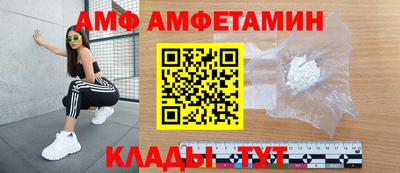 мефедрон Гусь-Хрустальный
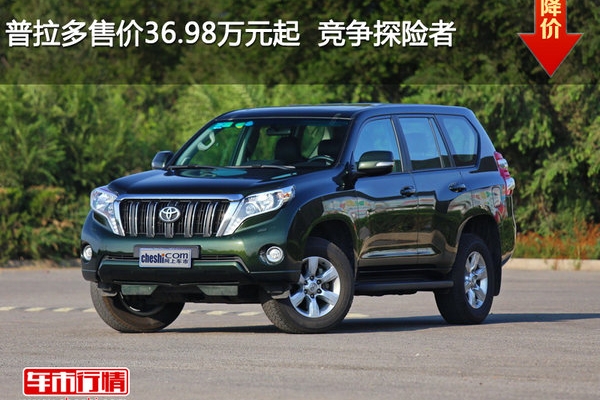 普拉多售价36.98万元起  竞争探险者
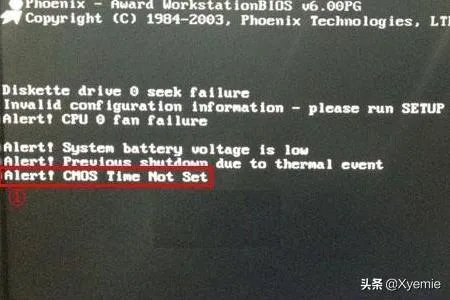 开机按F1的解决方法_开机按F1怎么取消？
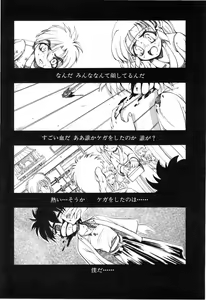 Page 126 of Koi wa Uchira no Takarabako - preview thumbnail
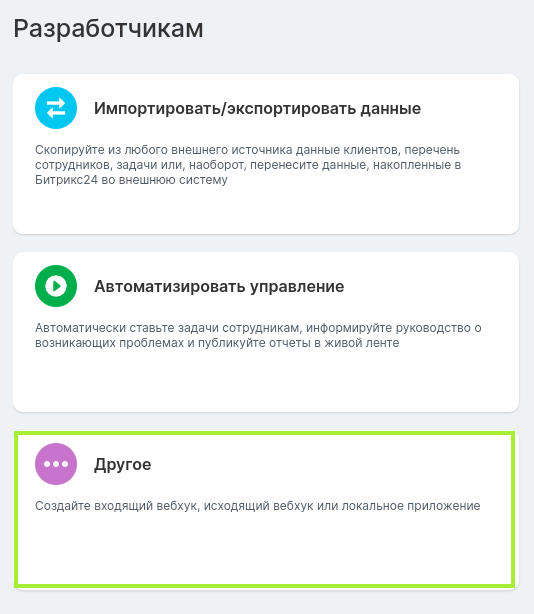 Битрикс24 - раздел Разработчикам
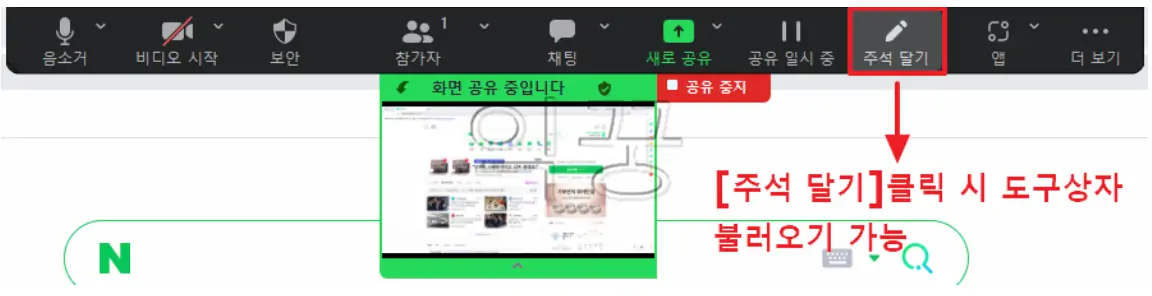 줌 회의 할 때 참가자들에게 내 PC화면 공유 하는 방법4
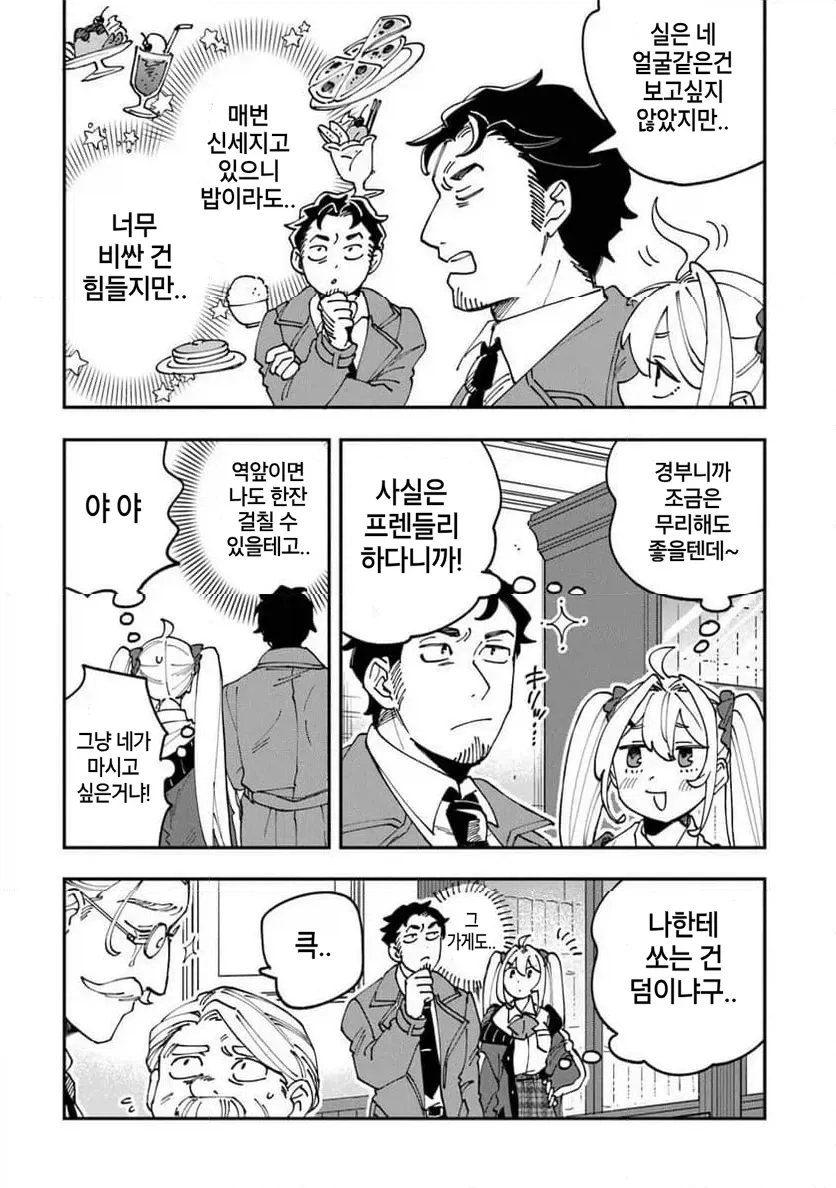 빡통 여고생 탐정 만화 1.manga_26.webp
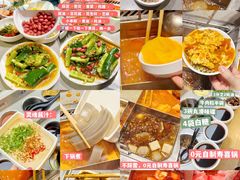 -海底捞火锅(奥山世纪城店)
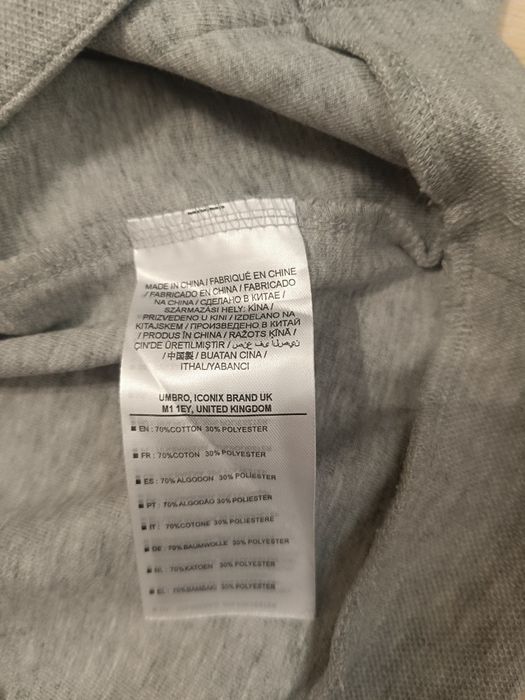 Ново оригинално горнище Umbro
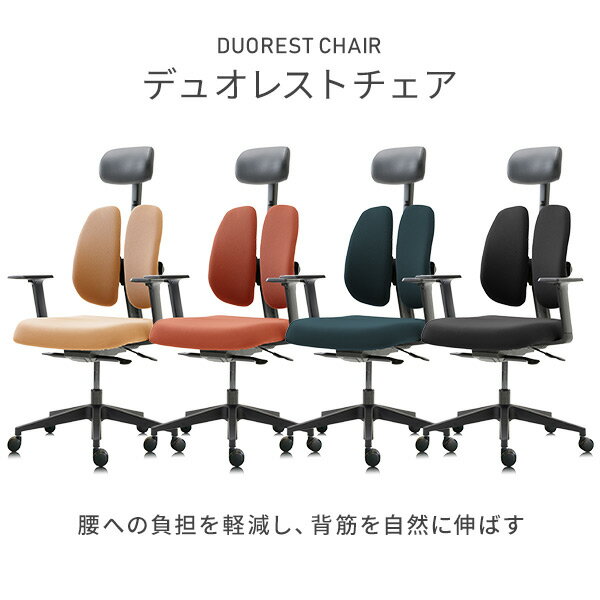 デュオレスト デュオレストチェア オフィスチェア デスクチェア 肘付き NEXT1 パソコンチェア キャスター付き テレワーク チェア 在宅ワーク デスクチェア ワークチェア PCチェア 学習チェア デュオレスト DUOREST
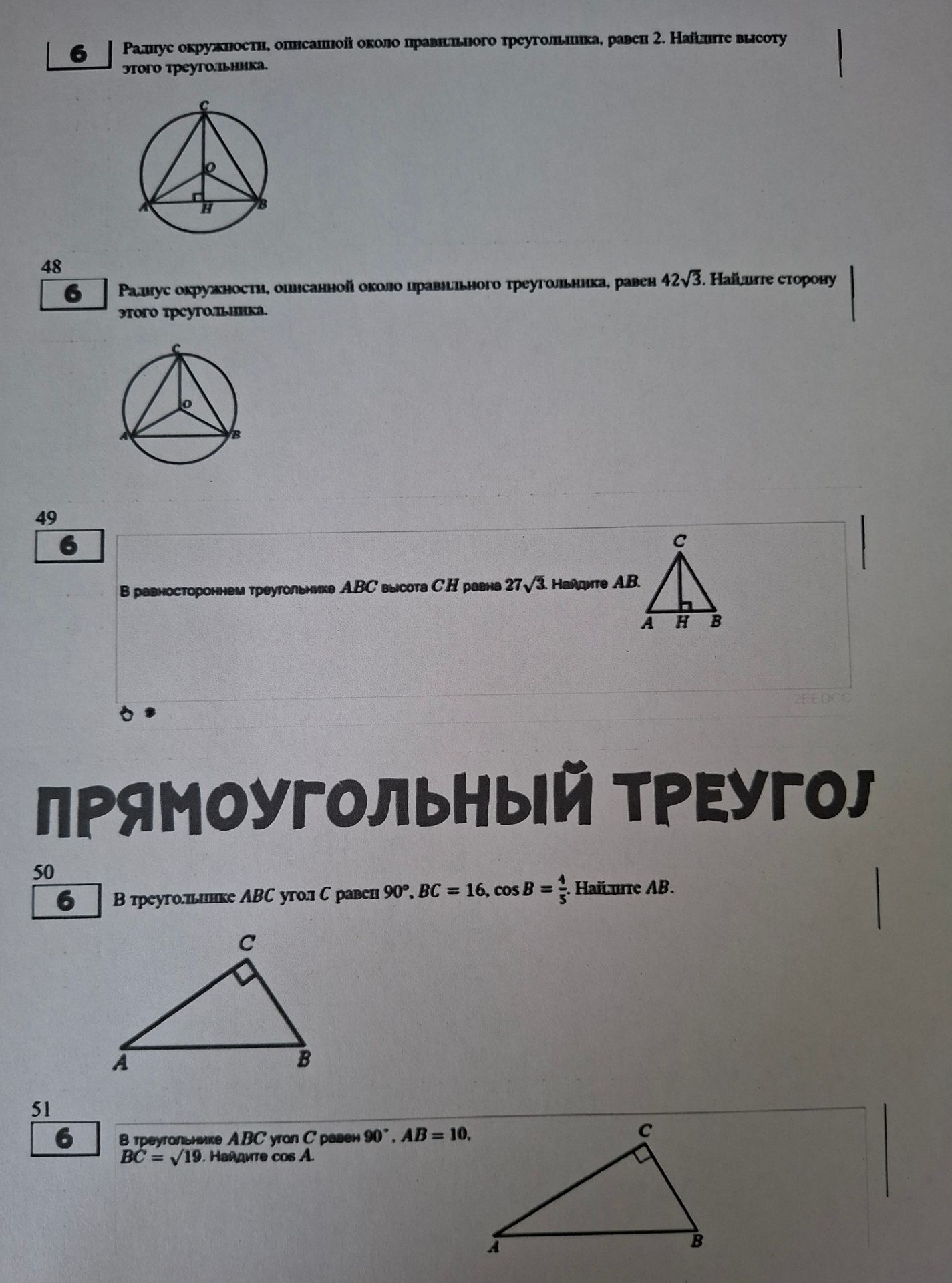Фото задания: В равностороннем треугольнике ABC высота CH равна \(27\sqrt{3}\). Найдите AB.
______________________________
> [Required work]
Reproduce the data above line for line, from its first line through the line containing "Ново оригинално горнище Umbro", both ends included, with the pictures omitted and nothing more.

> [Exercise solution]
 мефедрон Гусь-Хрустальный
 普拉多售价36.98万元起  竞争探险者
 开机按F1的解决方法_开机按F1怎么取消？
 Page 126 of Koi wa Uchira no Takarabako - preview thumbnail
 Битрикс24 - раздел Разработчикам
 줌 회의 할 때 참가자들에게 내 PC화면 공유 하는 방법4
 빡통 여고생 탐정 만화 1.manga_26.webp
 -海底捞火锅(奥山世纪城店)
 Ново оригинално горнище Umbro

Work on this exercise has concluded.